My 2018 Mathematics A To Z: Box-And-Whisker Plot


Today’s A To Z term is another from Iva Sallay, Find The Factors blog creator and, as with asymptote, friend of the blog. Thank you for it.

Cartoon of a thinking coati (it's a raccoon-like animal from Latin America); beside him are spelled out on Scrabble titles, 'MATHEMATICS A TO Z', on a starry background. Various arithmetic symbols are constellations in the background.
Art by Thomas K Dye, creator of the web comics Newshounds, Something Happens, and Infinity Refugees. His current project is Projection Edge. And you can get Projection Edge six months ahead of public publication by subscribing to his Patreon. And he’s on Twitter as @Newshoundscomic.

Box-And-Whisker Plot.

People can’t remember many things at once. This has effects. Some of them are obvious.

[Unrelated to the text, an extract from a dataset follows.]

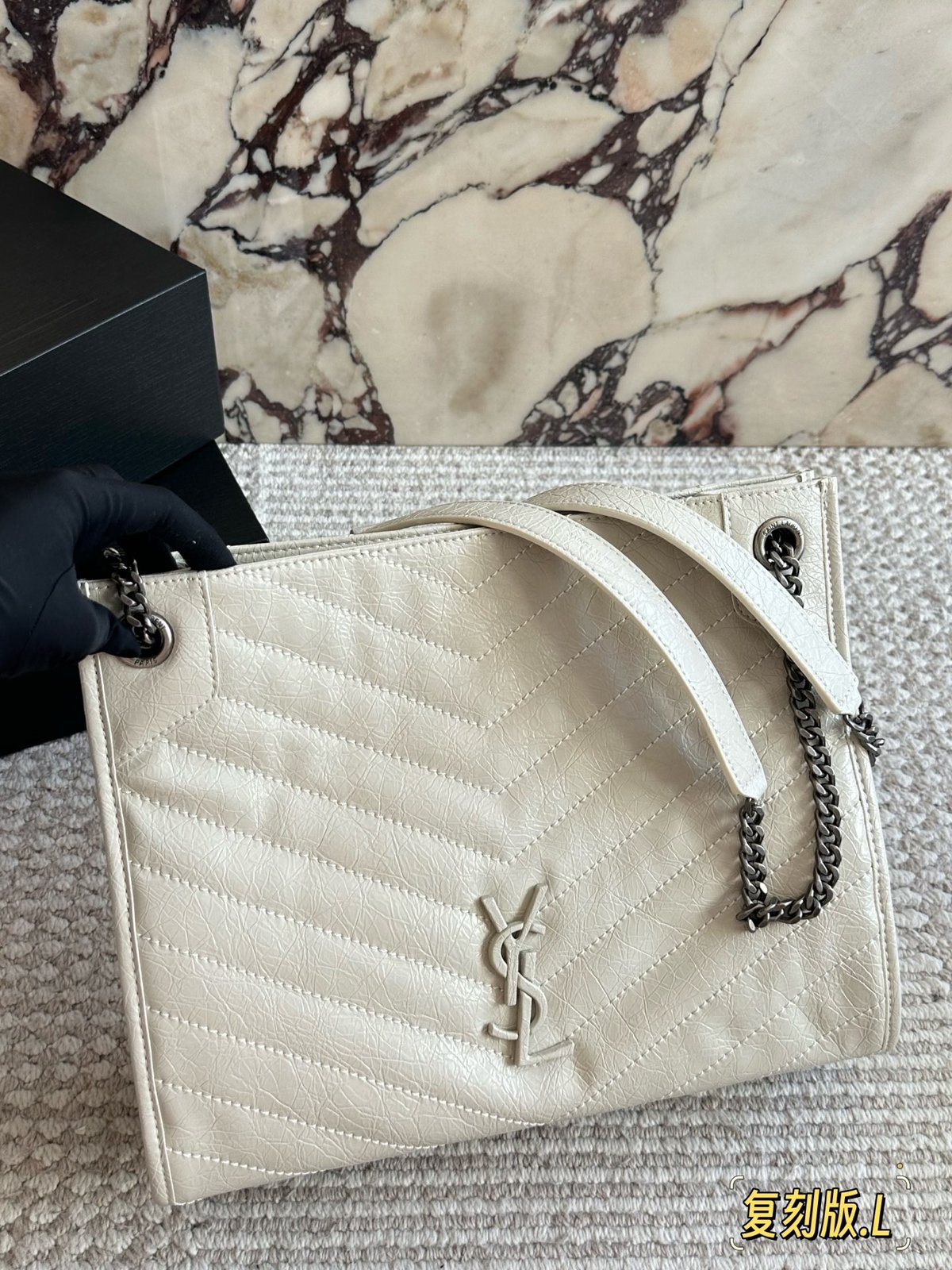 YSL Niki Shopping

Like, how a phone number, back in the days you might have to memorize them, wouldn’t be more than about seven or eight digits. Some are subtle, such as that we have descriptive statistics. We have descriptive statistics because we want to understand collections of a lot of data. But we can’t understand all the data. We have to simplify it. From this we get many numbers, based on data, that try to represent it. Means. Medians. Variance. Quartiles. All these.

And it’s not enough. We try to understand data further by visualization. Usually this is literal, making pictures that represent data. Now and then somebody visualizes data by something slick, like turning it into an audio recording. (Somewhere here I have an early-60s album turning 18 months of solar radio measurements into something music-like.) But that’s rare, and usually more of an artistic statement. Mostly it’s pictures. Sighted people learn much of the world from the experience of seeing it and moving around it. Visualization turns arithmetic into geometry. We can support our sense of number with our sense of space.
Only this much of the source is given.